» Exercise aim
After locating the line with "LCD Xiaomi Redmi" in the entries below, output it and each following line up to and including the line with "new 2025 Jeep", exactly and without pictures.
::: Data for analysis :::
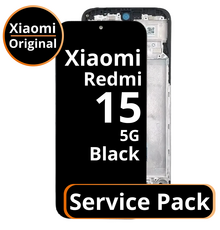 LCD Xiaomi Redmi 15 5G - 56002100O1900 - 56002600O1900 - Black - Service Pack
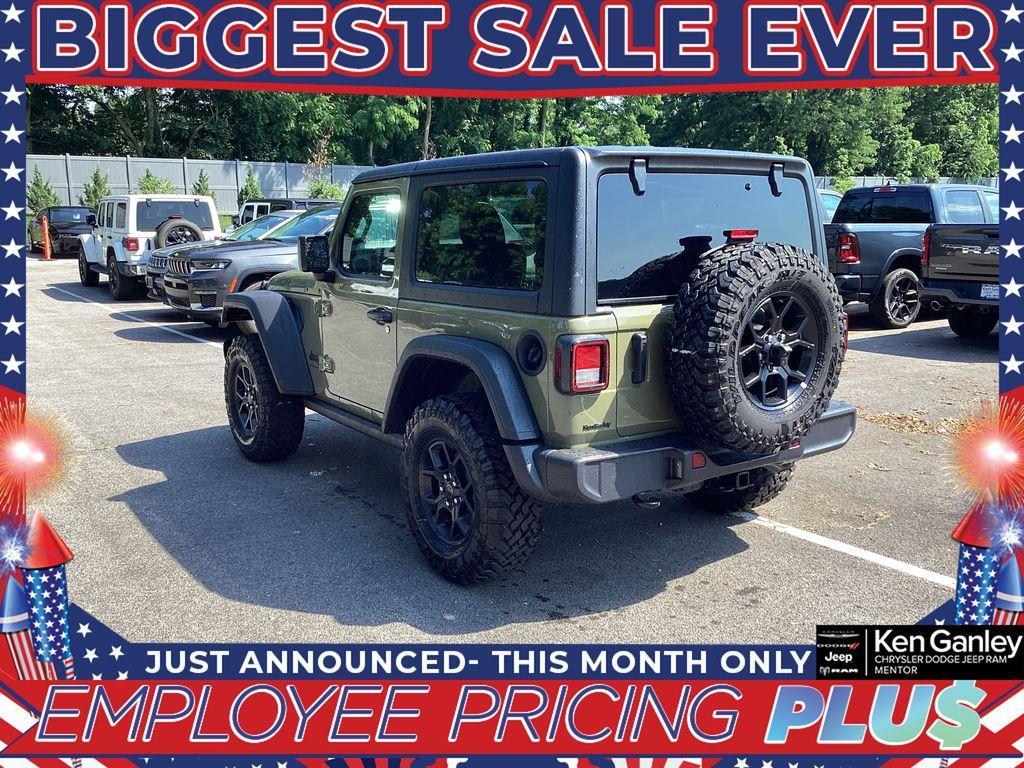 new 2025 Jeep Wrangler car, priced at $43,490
:::
::: Data for analysis :::
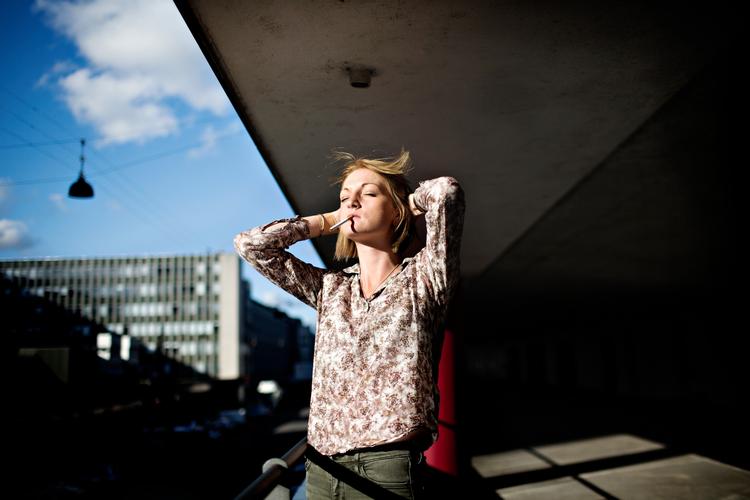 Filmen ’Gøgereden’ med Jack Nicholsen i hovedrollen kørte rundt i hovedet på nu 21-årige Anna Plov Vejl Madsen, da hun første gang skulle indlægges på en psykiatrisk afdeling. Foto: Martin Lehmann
:::
» Response box
 LCD Xiaomi Redmi 15 5G - 56002100O1900 - 56002600O1900 - Black - Service Pack
 new 2025 Jeep Wrangler car, priced at $43,490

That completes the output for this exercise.